A prospect still waiting to be heard from: Patriots owner Bob Kraft, whose staff was shopping yesterday for a plane that could carry family and friends to the game in red-carpet style.
And maybe Hootie and the Blowfish. They'll need a lift from South Carolina if they make a Super Bowl halftime appearance, and Flight Time's agents were trying to close the deal.
Alas for Zinkowski, the Patriots team has a contract with Northwest Airlines, as does the Green Bay Packers organization.
But before sports clubs began making their own deals with airlines in return for brand-name identity, Flight Time was all over the athletics scene, booking charters for not only the Pats and Red Sox and Bruins and Celtics but the Hartford Whalers, the Cleveland Cavaliers and the Milwaukee Bucks.
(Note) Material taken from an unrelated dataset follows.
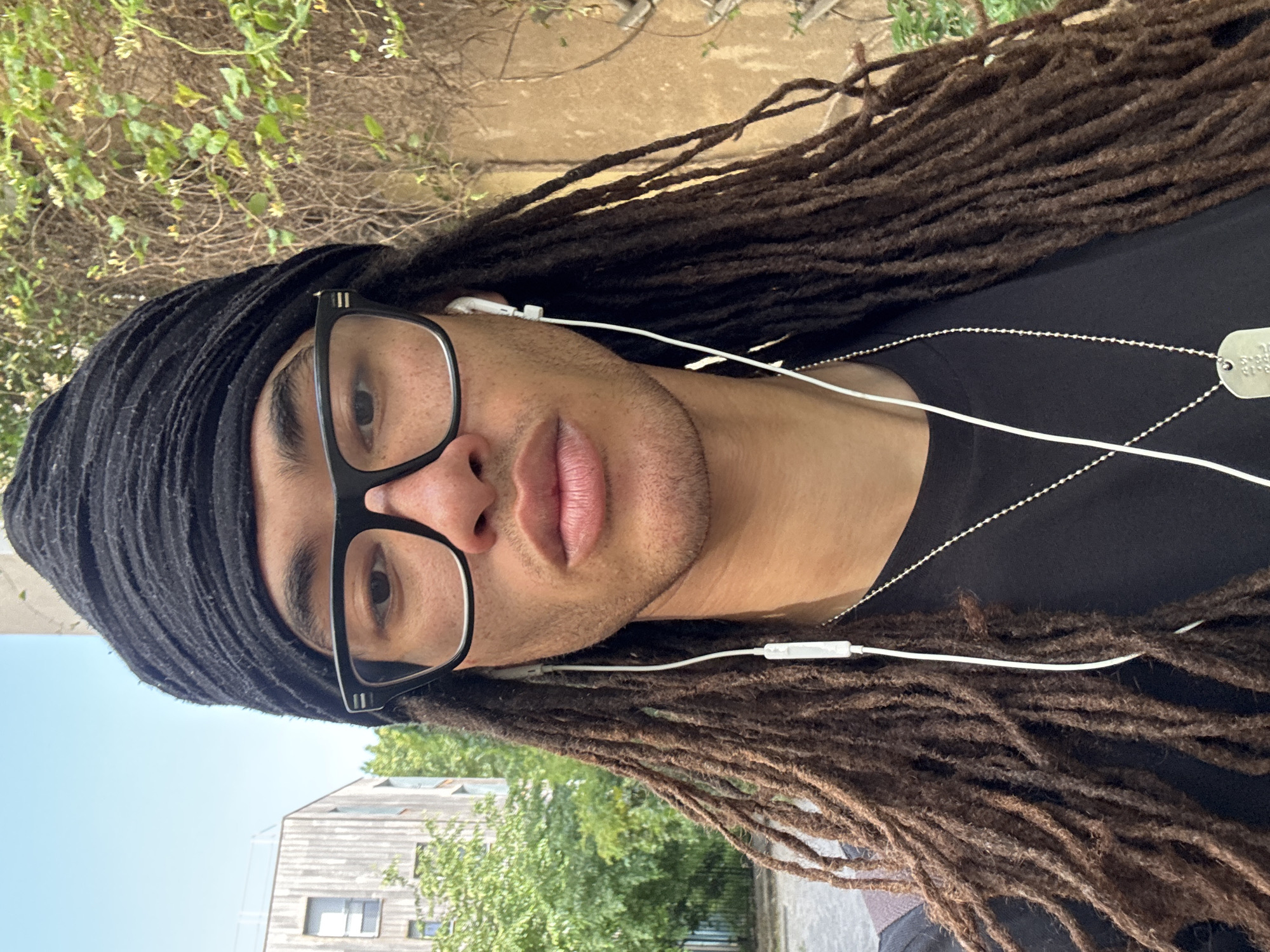 A portrait-style photograph shows a light-skinned person with brown dreadlocks. They wear a black head wrap and black-framed glasses. White earbuds are visible. A black t-shirt is worn with a silver chain and dog tags. The background includes foliage, a building, and a blue sky, suggesting an outdoor setting. The location cannot be determined.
Founded 11 years ago by three travel-savvy women who saw what happens when charter flights don't show up, Flight Time has used its sports industry savvy to punch its way to leadership in an industry estimated to be worth about $100 million annually.
Last year Zinkowski, 39, and her business partner, Jane McBride, 37, booked 1,600 flights carrying 187,000 people on journeys ranging from Aruba vacations to ges that ferried guests to billionaire Malcolm Forbes' extravagant 70th birthday party in Morocco.
Constituting about five percent of all air travel, charter aircraft brokerage is a busy field these days. Fred Gevalt, president of the Air Charter Guide, published in Cambridge, says most business is from short-term leases of executive aircraft by CEOs who dumped their corporate fleets during the recession but still love the Learjet life.
Fewer than a dozen brokers specialize in airliner-size planes as Flight Time does. Zinkowski said 1996 revenues were $19 million -- the same figure Flight Time's biggest rival, Charter Services of Albuquerque, N.M., reported. Privately held, neither Flight Time nor Charter Services discloses earnings.
Zinkowski was a bookkeeper at Trans National Travel in Boston and McBride a tour group leader for the same company when, along with McBride's cousin, Dara Zapata, they decided in 1985 to start their company with $15,000 in borrowed capital.
Zapata sold her shares to her partners in 1994 and left the business to raise a family.
The heart of the business was development of a database, now computerized, that tracks where idle aircraft are parked on any given day. About half the airplanes Flight Time books are owned and operated by airlines that, despite best efforts, can't put every plane in its proper place at the end of every day.
The rest are on charter specialists -- Miami Air, American Trans Air and North American Airlines among them.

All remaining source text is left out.